Florida class size violations continue to dwindle

A growing number of schools rely on averages rather than classroom counts.
Kindergarten teacher Melissa Pizzo's 2012 class brimmed over the state cap, at 20 students. [Times | 2012]
Published Jan. 18, 2018

A shrinking number of Florida schools were in violation of the state's 2002 class size amendment in the fall, reflective of a growing dependence on schoolwide averages rather than classroom counts.

The Florida Department of Education reported that 153 of 49,287 traditional public school classrooms, none of 6 lab schools, 13 of 639 charter schools, and 14 out of 2,715 district-operated schools of choice did not meet the constitutional class size requirements of no more than 18 students in grades K-3, 22 students in grades 4-8, and 25 students in grades 9-12.
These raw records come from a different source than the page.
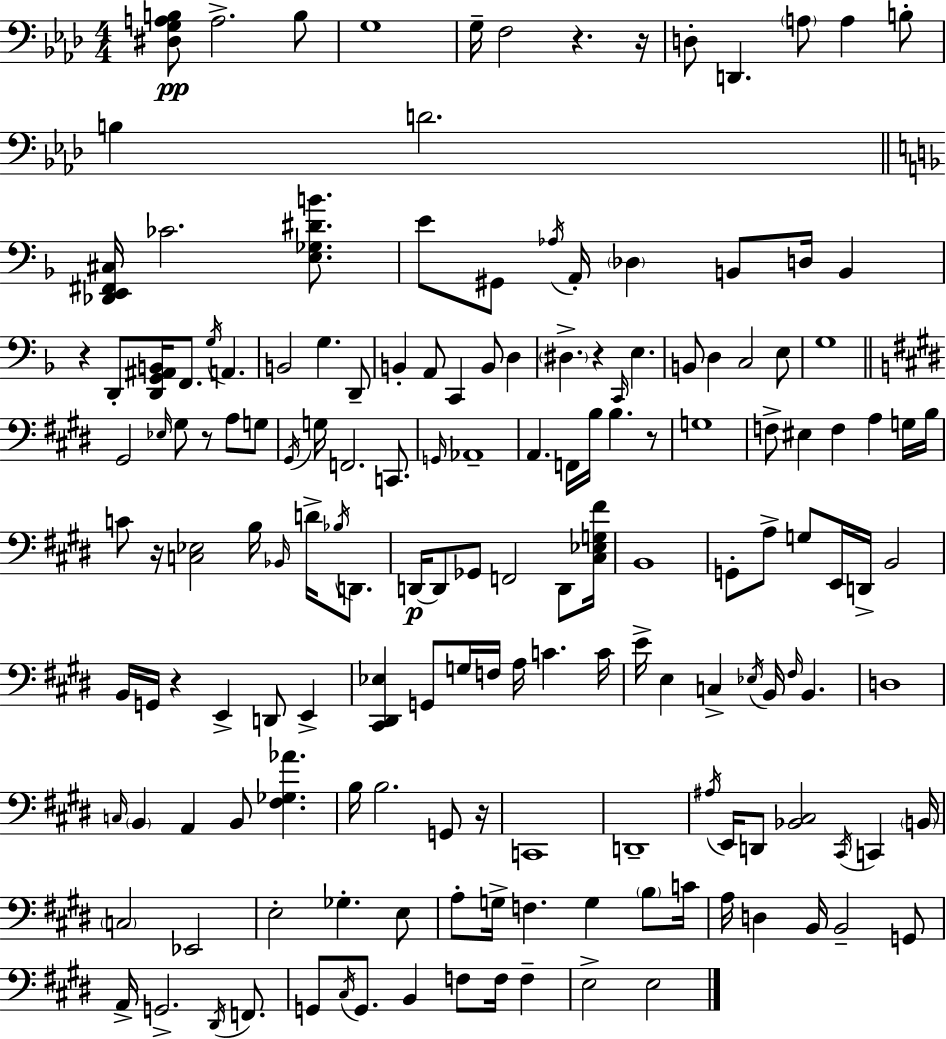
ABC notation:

X:1
T:Untitled
M:4/4
L:1/4
K:Fm
[^D,G,A,B,]/2 A,2 B,/2 G,4 G,/4 F,2 z z/4 D,/2 D,, A,/2 A, B,/2 B, D2 [_D,,E,,^F,,^C,]/4 _C2 [E,_G,^DB]/2 E/2 ^G,,/2 _A,/4 A,,/4 _D, B,,/2 D,/4 B,, z D,,/2 [D,,G,,^A,,B,,]/4 F,,/2 G,/4 A,, B,,2 G, D,,/2 B,, A,,/2 C,, B,,/2 D, ^D, z C,,/4 E, B,,/2 D, C,2 E,/2 G,4 ^G,,2 _E,/4 ^G,/2 z/2 A,/2 G,/2 ^G,,/4 G,/4 F,,2 C,,/2 G,,/4 _A,,4 A,, F,,/4 B,/4 B, z/2 G,4 F,/2 ^E, F, A, G,/4 B,/4 C/2 z/4 [C,_E,]2 B,/4 _B,,/4 D/4 _B,/4 D,,/2 D,,/4 D,,/2 _G,,/2 F,,2 D,,/2 [^C,_E,G,^F]/4 B,,4 G,,/2 A,/2 G,/2 E,,/4 D,,/4 B,,2 B,,/4 G,,/4 z E,, D,,/2 E,, [^C,,^D,,_E,] G,,/2 G,/4 F,/4 A,/4 C C/4 E/4 E, C, _E,/4 B,,/4 ^F,/4 B,, D,4 C,/4 B,, A,, B,,/2 [^F,_G,_A] B,/4 B,2 G,,/2 z/4 C,,4 D,,4 ^A,/4 E,,/4 D,,/2 [_B,,^C,]2 ^C,,/4 C,, B,,/4 C,2 _E,,2 E,2 _G, E,/2 A,/2 G,/4 F, G, B,/2 C/4 A,/4 D, B,,/4 B,,2 G,,/2 A,,/4 G,,2 ^D,,/4 F,,/2 G,,/2 ^C,/4 G,,/2 B,, F,/2 F,/4 F, E,2 E,2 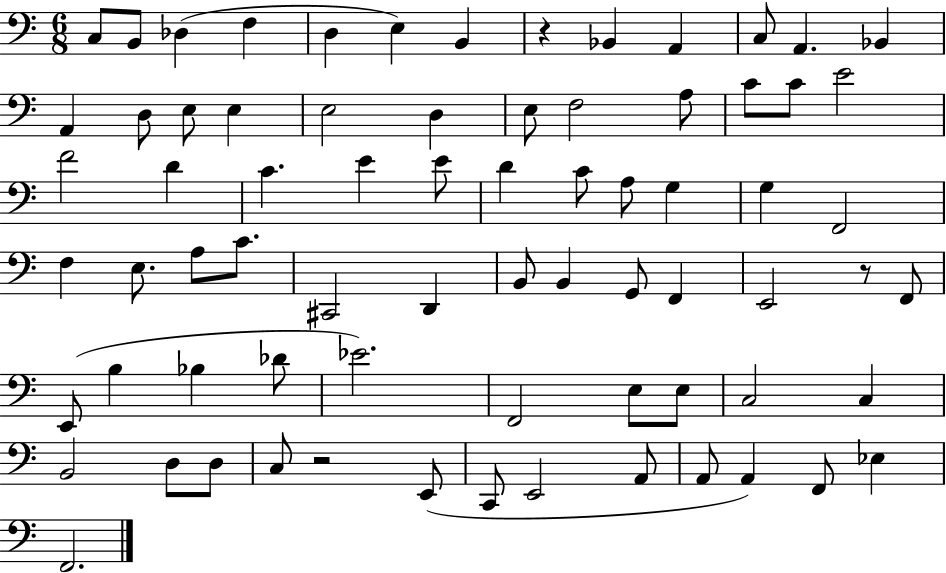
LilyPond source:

{
  \clef bass
  \numericTimeSignature
  \time 6/8
  \key c \major
  c8 b,8 des4( f4 | d4 e4) b,4 | r4 bes,4 a,4 | c8 a,4. bes,4 | \break a,4 d8 e8 e4 | e2 d4 | e8 f2 a8 | c'8 c'8 e'2 | \break f'2 d'4 | c'4. e'4 e'8 | d'4 c'8 a8 g4 | g4 f,2 | \break f4 e8. a8 c'8. | cis,2 d,4 | b,8 b,4 g,8 f,4 | e,2 r8 f,8 | \break e,8( b4 bes4 des'8 | ees'2.) | f,2 e8 e8 | c2 c4 | \break b,2 d8 d8 | c8 r2 e,8( | c,8 e,2 a,8 | a,8 a,4) f,8 ees4 | \break f,2. | \bar "|."
} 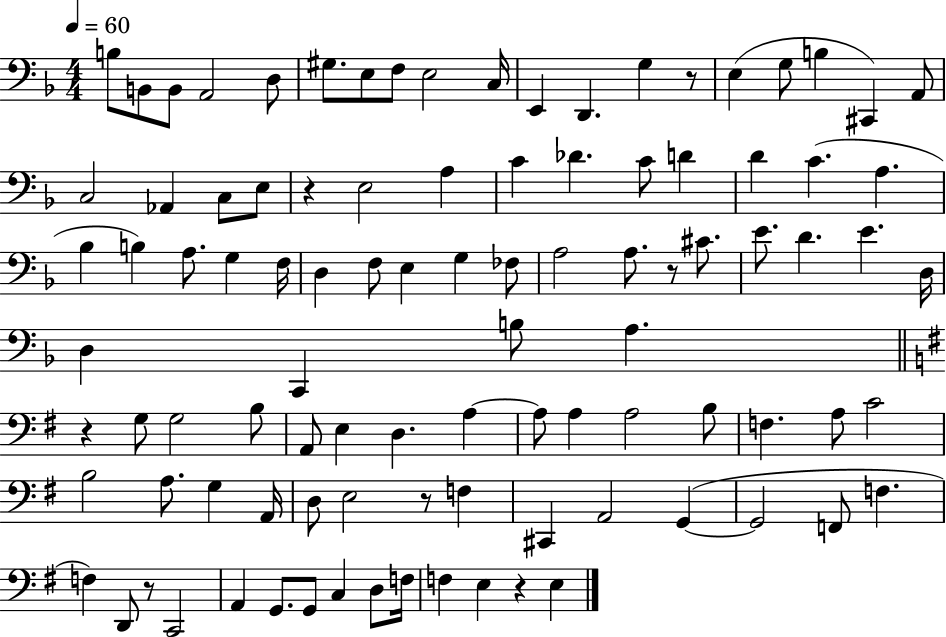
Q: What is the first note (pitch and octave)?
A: B3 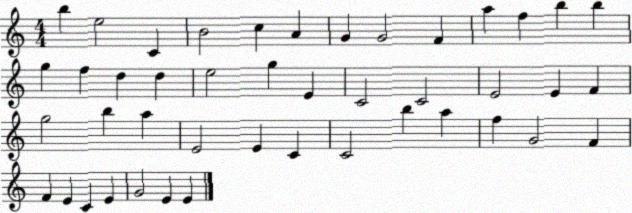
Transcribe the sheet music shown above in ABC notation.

X:1
T:Untitled
M:4/4
L:1/4
K:C
b e2 C B2 c A G G2 F a f b b g f d d e2 g E C2 C2 E2 E F g2 b a E2 E C C2 b a f G2 F F E C E G2 E E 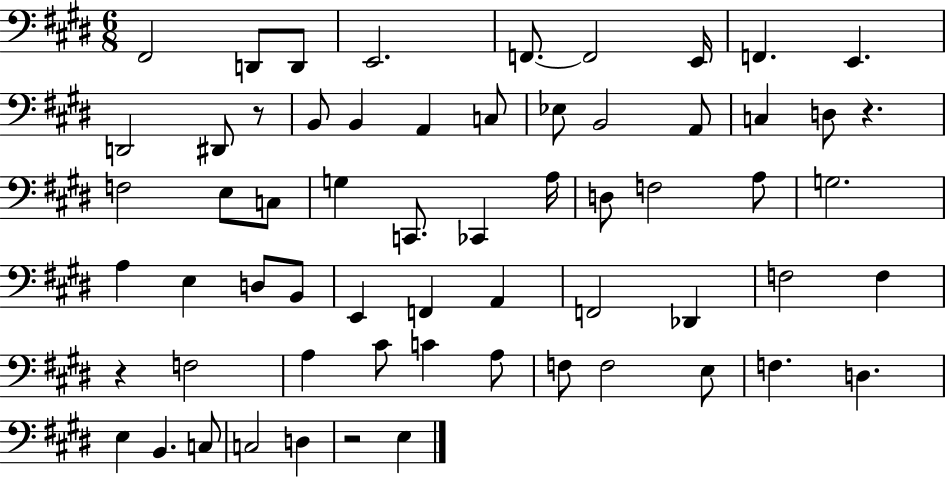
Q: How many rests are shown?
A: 4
A year earlier, the department reported  1,433 of 125,159 traditional public school classrooms, 1 out of 6 lab schools, 47 of 649 charter schools and 10 of 2,331 district-operated schools of choice were not in compliance with the voter mandate.

Note the major reduction of "traditional" public school classrooms and the concurrent rise in "schools of choice" in those figures. That's where a big key lies to the decrease in violations.

Lawmakers added a provision to law in 2013 by which "schools of choice" could avoid the strictest part of the amendment by using averages, much like charter schools do. The idea was supposed to allow districts to create their own charter schools and have some flexibility in their operations.

The upshot, however, was a major shift among most districts toward calling all of their schools "of choice," reasoning that every one of them had at least one student enrolled who does not live within its attendance zone.

Lawmakers discussed repealing or amending the loophole in 2015 and 2016, but never took action. The use of the provision has become so widespread, that at least one Constitution Revision Commission member has recommended simply converting all the caps to schoolwide averages, using the financial savings (if any) to boost teacher pay.

Voters have rejected that idea in the past though, and have frequently criticized districts for abusing the amendment they insist works when used properly.